Started by moos_93, 05 Dec 2025 04:00:57 AM

Previous topic - Next topic

moos_93

Good morning!

As the title says: I have made a number of datasets in Cognos, and connected them logically in a data module. On this module I built a dashboard that performs perfectly.

To save the local cognos server, I asked our local ETL specialist to recreated the datasets with ETL, and to write them off in an Oracle database. These tables I have then connected again in a data module, in the exact same way as I did with the datasets. On this module I built an identical dashboard as well. The performance of this dashboard is absolutely horrable, and most visualisations time-out on loading.

The fact table in question is a table with about 130.000 records, using several foreign keys for which dimensions were built. Most of these dimensions are 1:N to the fact table, but I also built a date dimension that is N:N, covering the time between START_DATE and END_DATE. When using this dimension, the number of records increases to 170 million.

Am I doing something wrong, or is the discrepancy in performance between the Oracle-database and the Datasets to be expected?

Thanks for your insights!

dougp

That is expected.  The dashboard that gets data from the database must perform these tasks for every visualization every time the user touches something.
write SQL
connect to the database server
run a query that involves joins between multiple tables
get a response back
update the viz

Put another way, when you are connecting to the database:
Cognos must write a more complex query.
Cognos spends time communicating with the db server.
the database server must perform lookups and filters across joins.
Cognos spends more time communicating with the db server.
Cognos waits for the data to be downloaded across the network.
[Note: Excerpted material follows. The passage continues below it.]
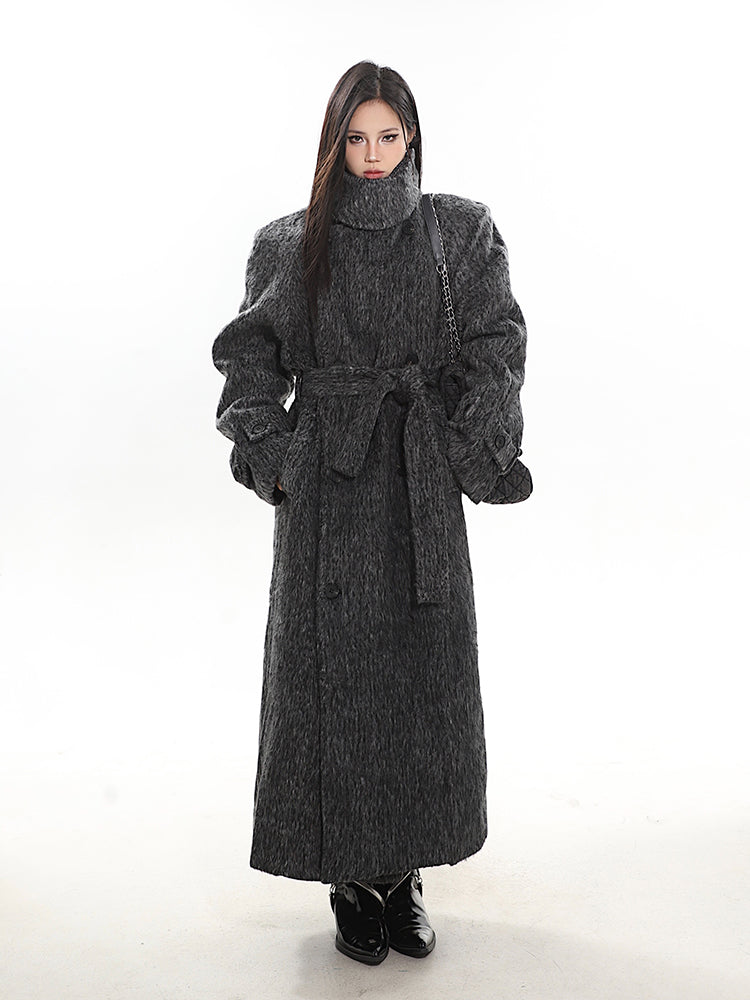 Turtleneck Wool Maxi Coat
In contrast, using a Cognos dataset means
write SQL
get data from a single table
update the viz

Choosing to use a Cognos dataset involves considering the tradeoffs between size and speed.  For most cases, a dataset will perform much faster than a direct database connection.


This is the same as using Power BI and comparing Import vs. Direct Query.



bus_pass_man

Yes I think you're doing something wrong.  You don't mention a bridge table for your N:N relationship, which you probably would want to have for any legitimate bridge table scenario but I really don't think this is one of them. 

Quotecovering the time between START_DATE and END_DATE.
Can you clarify what you mean by this.  Is this a duration?  What are you trying to do here?

Also is the N:N in the time dimension or the relationship between it and the fact table?  You are unclear.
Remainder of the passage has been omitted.